Stata, Bharat und Maghoul present a concrete application for their Term Vector Database by classifying pages thematically. Bharat has also published on this issue together with Monika Henzinger, presently Google's Research Director, and they called it "topic distillation". Topic distillation is based on calculating so-called topic vectors. Topic vectors are term vectors, but they do not only include terms of one page but rather the terms of many pages which are on the same topic. So, in order to create topic vectors, they have to know a certain amount of web pages which are on several pre-defined topics. To achieve this, they resort to web directories.

For their application, Stata, Bharat und Maghoul have crawled about 30,000 links within each of the then 12 main categories of Yahoo to create topic vectors which include about 10,000 terms each. Then, in order to identify the topic of any other web page, they matched the according term vector with all the topic vectors which were created from the Yahoo crawl. The topic of a web page derived from the topic vector which matched the term vector of the web page best. That such a classification of web pages works can again be observed by the means of Google News. Google News does not only merge articles to one news topic, but also arranges them to the categories World, U.S., Business, Sci/Tech, Sports, Entertainment and Health. As long as this categorization is not based on the structure of the website where the articles come from (which is unlikely), the actual topic of an article has in fact to be computed.

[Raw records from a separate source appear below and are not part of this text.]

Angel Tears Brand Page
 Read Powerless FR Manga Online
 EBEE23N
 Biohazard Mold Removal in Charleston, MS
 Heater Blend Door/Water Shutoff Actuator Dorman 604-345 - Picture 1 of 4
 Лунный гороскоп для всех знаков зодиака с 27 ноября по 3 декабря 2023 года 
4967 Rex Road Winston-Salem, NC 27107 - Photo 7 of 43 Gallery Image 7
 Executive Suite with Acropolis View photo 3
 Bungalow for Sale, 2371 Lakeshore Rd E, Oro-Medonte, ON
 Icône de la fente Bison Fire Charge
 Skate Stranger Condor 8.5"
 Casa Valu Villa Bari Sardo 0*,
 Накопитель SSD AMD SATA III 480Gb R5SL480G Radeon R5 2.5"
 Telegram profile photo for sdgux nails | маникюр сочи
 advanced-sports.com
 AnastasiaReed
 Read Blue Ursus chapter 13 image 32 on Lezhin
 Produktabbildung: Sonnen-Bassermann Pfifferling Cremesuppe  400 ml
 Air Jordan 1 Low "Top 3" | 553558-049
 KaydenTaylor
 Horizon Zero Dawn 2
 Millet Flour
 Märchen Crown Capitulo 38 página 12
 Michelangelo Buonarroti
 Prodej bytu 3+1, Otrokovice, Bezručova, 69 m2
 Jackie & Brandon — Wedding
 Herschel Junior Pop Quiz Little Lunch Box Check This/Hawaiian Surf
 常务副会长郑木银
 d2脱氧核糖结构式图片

At the time he published on term vectors, Krishna Bharat did not work on PageRank but rather on Kleinberg's algorithm, so that he was more interested in filtering off-topic links than in weighting links. But from classifying pages to weighting links based on content comparisons, there is only a small step. Instead of matching the term vectors of two pages, it is much more efficient to match the topics of two pages. We can, for instance, create a "topic affinity vector" for each page based on the degree of affinity of the page's term vector and all the topic vectors. The better the topic affinity vectors of two pages match, the more likely are they on the same topic and the higher should a link between them be weighted.

Using topic vectors has one big advantage over comparing term vectors directly: A topic vector can include terms in different languages by being based on, for instance, the links on different national Yahoo versions. Deviant site structures of the national versions can most certainly be adapted manually. Even better may be using the ODP because the structure of the sub-categories of the "World" category is based on the main OPD structure. In this way, measuring topic similarities between pages in different languages can be realized, so that a really useful weighting of links based on text analyses appears to be possible.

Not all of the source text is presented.